Why should businesses care about reviews?

Together with the fact that 98% of Australian’s won’t buy a product, service or software without reading them, customer reviews also help to:

Improve website visibility

When your business consistently gets good feedback online from customers, it affects your ranking in search engines. As a result, you’ll sit higher up in the search results and more customers will discover you.

Convert browsers into customers

Shoppers trust the word of other shoppers almost as much as their peers. Reviews create a huge network of micro case studies for your business.

Create a community

Customers have the opportunity to engage with each other, and with you. Businesses can thank customers directly for their appreciation, or let them know they’re listening to their feedback. 

Drive conversations

Customer review pages are a fantastic source of information for social listening.

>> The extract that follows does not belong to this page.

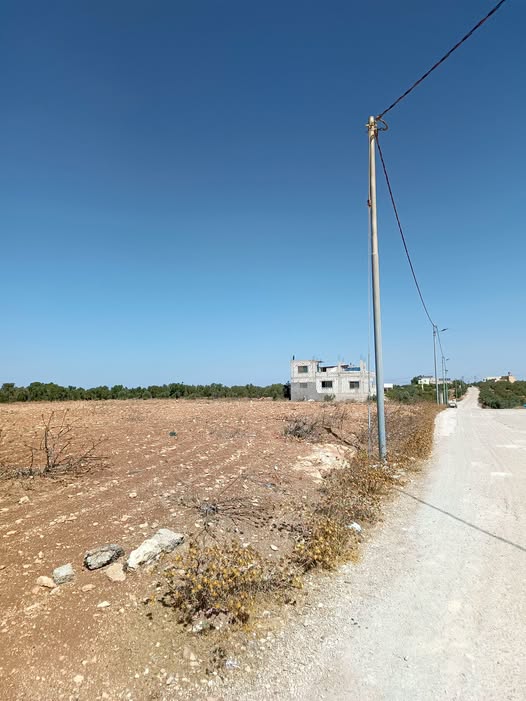 أرض سكنية بإطلالة خلابة في إربد – المغير فرصة نادرة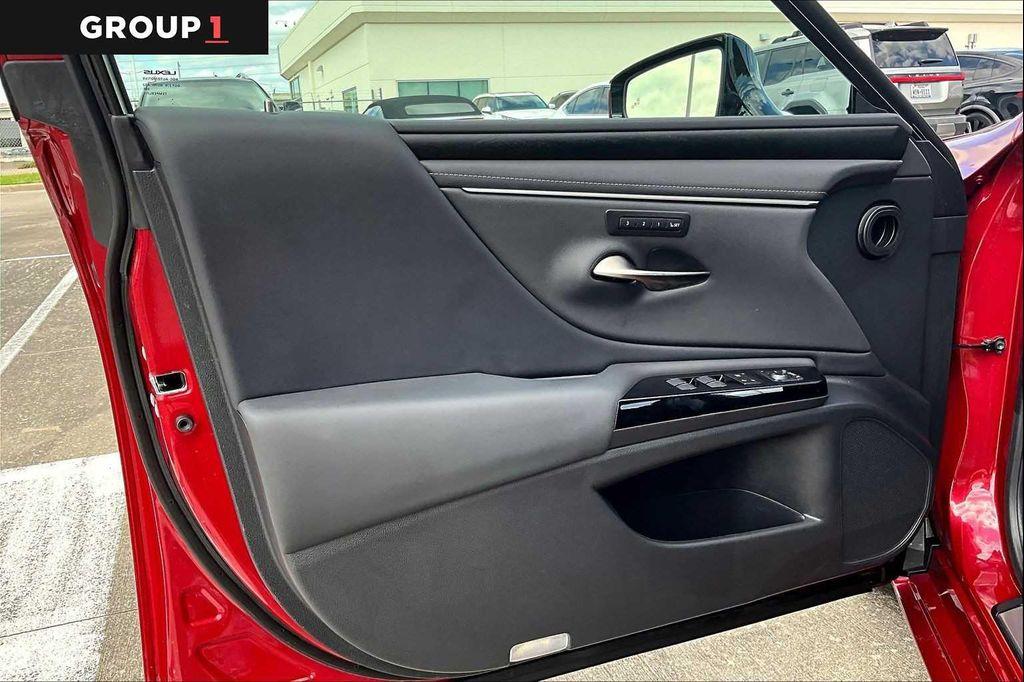 used 2025 Lexus ES 350 car, priced at $44,495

The conversations not only provide key insights into the quality of your product, but they can also help shape the messages behind your future marketing campaigns.

How can businesses drive positive online reviews?

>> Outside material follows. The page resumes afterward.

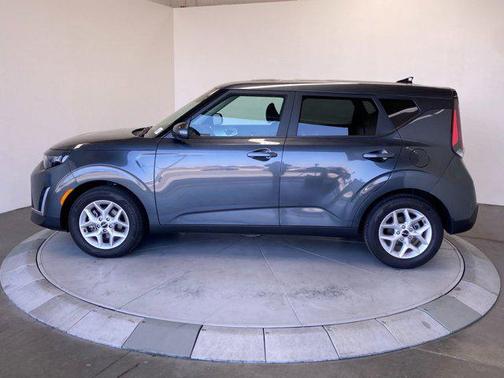 Gravity Gray 2025 Kia Soul LX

Here are a few ways you can create social proof of your product, service or software:

  1. Give them lots of different platforms: Don’t limit your customers. There are plenty of spaces for customers to give their opinion, including your social media sites, third-party review sites, and platforms like Google my Business.
  2. Ask them directly: Deploy an email campaign to your existing customers using email marketing software. Alternatively, automate the process using review management software.
  3. Stress the importance of reviews to staff: Customer service teams should always follow up a positive customer conversation with an invitation to review your product, service or software.
  4. Make it easy: Include a link on your website that brings customers directly to your most popular review platform. Why is this so important? According to Neil Patel, ‘if a customer has a good experience with your business, they aren’t likely to go out of their way and leave a review. Customers who have had a negative experience are likely to go out of their way to speak their mind.’ 

Bear in mind that while positive reviews are the goal, you don’t have complete control over the social perception of your business.

How should businesses respond to a negative review?

More than half of our survey respondents admitted they’ve published at least one negative review online. Yet, 58% of the respondents didn’t get a response from the seller, despite 82% of them stating they wanted one. 

In most cases, consumers simply wanted to help other shoppers with their purchasing decisions by sharing their own experience. Acknowledging a negative review is crucial because users want to know that the problem has been heard. It also helps to rebuild broken trust. But for a small business, who has little to no staff dedicated to this area, it can be tricky to know where to start when it comes to formulating a response.

According to the respondents, Australians most want businesses to:

  • Offer a refund (90%)
  • Correct the issue (88%)
  • Write like a human, not a corporation (85%)
  • Take accountability (85%)
  • Provide an explanation (81%).

Bad reviews can happen regardless of the quality of product, software or service. No matter how undeserved they feel may, businesses shouldn’t shy away from the concept of negative reviews. 

Whose opinion counts?

As well as customer reviews, we asked respondents to give their opinions on other sources of information. Respondents said their peers are the most trustworthy, while influencers were the least. The media and journalists were also listed as reliable sources.

Trust has a significant impact on the purchase decision journey, so businesses must pay attention to the information that helps to convert shoppers into loyal, happy customers. 

Would you like to learn how to leverage reviews to boost SEO and PPC performance? Discover how Capterra connects with software buyers using customer reviews today.

The methodology of the study

To collect the data for this article, we conducted an online survey. The answers come from a sample of Australian online shoppers. The survey includes the answers of 258 participants who qualified to complete the survey through screening questions (out of a total of 300 participants) in January 2020.